唐突なのだけれど私はU2と言うバンドが好き。彼らの曲は恋愛ものからスピリチュアルなもの等色々あるのだけれど政治的なものもある。"Sunday Bloody Sunday" というのはアイルランド出身である彼らが1972年にイギリス軍による北アイルランドの民間人が殺された事件のことを歌っているし、Pride (in the name of love)ではマーティン=ルーサー=キングJr.牧師の暗殺のことを、またWalk On ではミャンマーのアウン=サン=スーチー氏のことを歌っている。ボーカリストのボノとその妻のアリーは長年にわたってアフリカの貧困問題にも取り組んでいて、One Campaign と言う貧困対策を行うアドヴォカシーを始めた。今回UNのTwitterをフォローしていたらふとOne Campaign と言うのが出てきてU2のことを思ったわけです。彼らもSDGの達成を支持しているらしい。

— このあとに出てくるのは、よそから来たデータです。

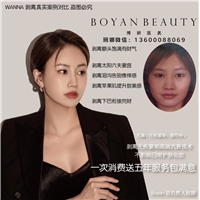 剥离微整哪里可以做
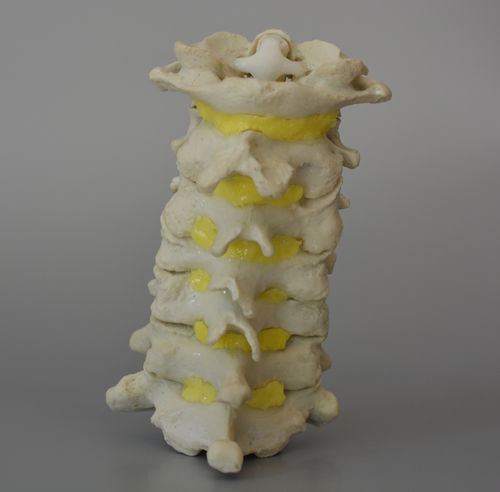 Halswirbelsäule anatomisches Modell - C1-7 - Dynamic Disc Designs Corp. - für die Ausbildung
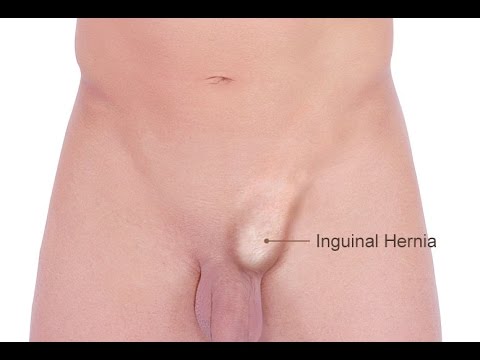 Inguinal Hernia Repair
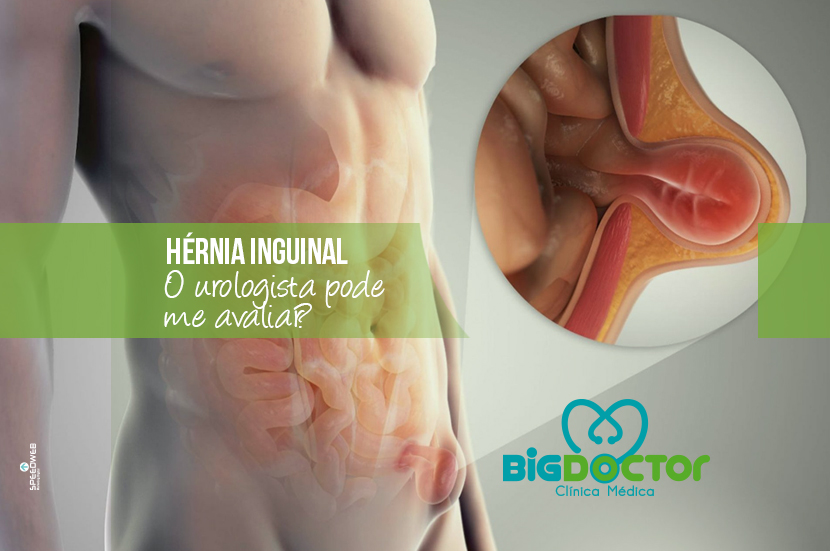 Hérnia Inguinal – O Urologista pode me avaliar?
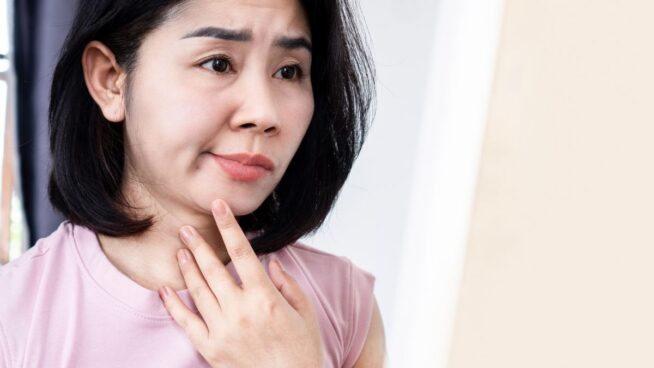 ¿Cuáles son los primeros síntomas de la parálisis facial por estrés?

ミュージシャンが政治に関わるなんて、と言う声もあるのかもしれない。でも影響力を持つ人たちがその影響を自分の信じるもののために良い方向で使って何が悪い、と思う。リーダーシップを一言で言うと影響力だ。逆に言えば影響力を持つ人はリーダーと言える。と言うことは自分はリーダーじゃないと思っていても誰かに影響力を持つ人は皆リーダーなのだ。例えば親は例外なく子供にとってリーダー。とてつもなく大きな影響力を持つ人気のあるミュージシャンがその影響力を使ってこの世界を良い方向に変えていこうとリーダーシップを発揮するのは良いことだと思う。そのメッセージが彼らがまず音楽を通して伝えていたメッセージと一貫したものであったときに、説得力のあるものとして私たちは受け止めることができる。U2のメッセージは常に弱い人、抑圧された人の立場、尊厳を守るものだった。彼らもまたBand Aid, Live Aid と言う飢餓救済のコンサートに参加している。

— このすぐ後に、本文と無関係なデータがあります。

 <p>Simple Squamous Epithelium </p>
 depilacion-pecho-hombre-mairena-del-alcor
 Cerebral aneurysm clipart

政治的なものに関わらないで済むと言うのは平和で恵まれた国であると言うことなのかもしれない。アイルランドと言うイギリスから常に抑圧されてきた国出身の彼らにとっては政治と生活は分けてられないものなのではないだろうか。生活の中に政治的なものが常にあると言うか・・・。娘たちが以前やっていたアイリッシュダンスは手を使わず、腕は常に体の横に添わせている。それはアイルランドの文化をイギリスが禁止した時に、窓の外からみて踊っていることがわからないようにするためだった、と言う説がある。
韓国も政治的な国なんじゃないかな、と思う。近代史を見ても大統領の暗殺、軍政、光州事件、もちろん北朝鮮との関係等、私が思い出す限りでもこれだけあるのだから、韓国の人にはもっとあるだろう。政治的にならざる終えないというか。。まあ実際はわかりませんが。でもBTSの『Ma City』という曲ではジェイホープ(光州出身)が光州事件のことを歌っている。アメリカのインタビューでそのことに触れられた時に、「自分たちの歴史の一部だと思うので」と答えていた。そういう国で生まれ育った彼らがリーダーシップを発揮して政治的なメッセージを語るのは私にとっては不思議じゃない。
U2のもう一つ好きなところは彼ら四人が高校の時からずっと一緒でこの四人以外のU2は考えられないと言うところだ。 音楽のスタイルは少しずつ変化させてもこの四人は45年間ずっと一緒だった。BTSもそうなるといいな、と思う。音楽のスタイルは変化しても基本的なメッセージとメンバーの関係がずっと一緒で、影響力を持ち続けてくれたらいいな。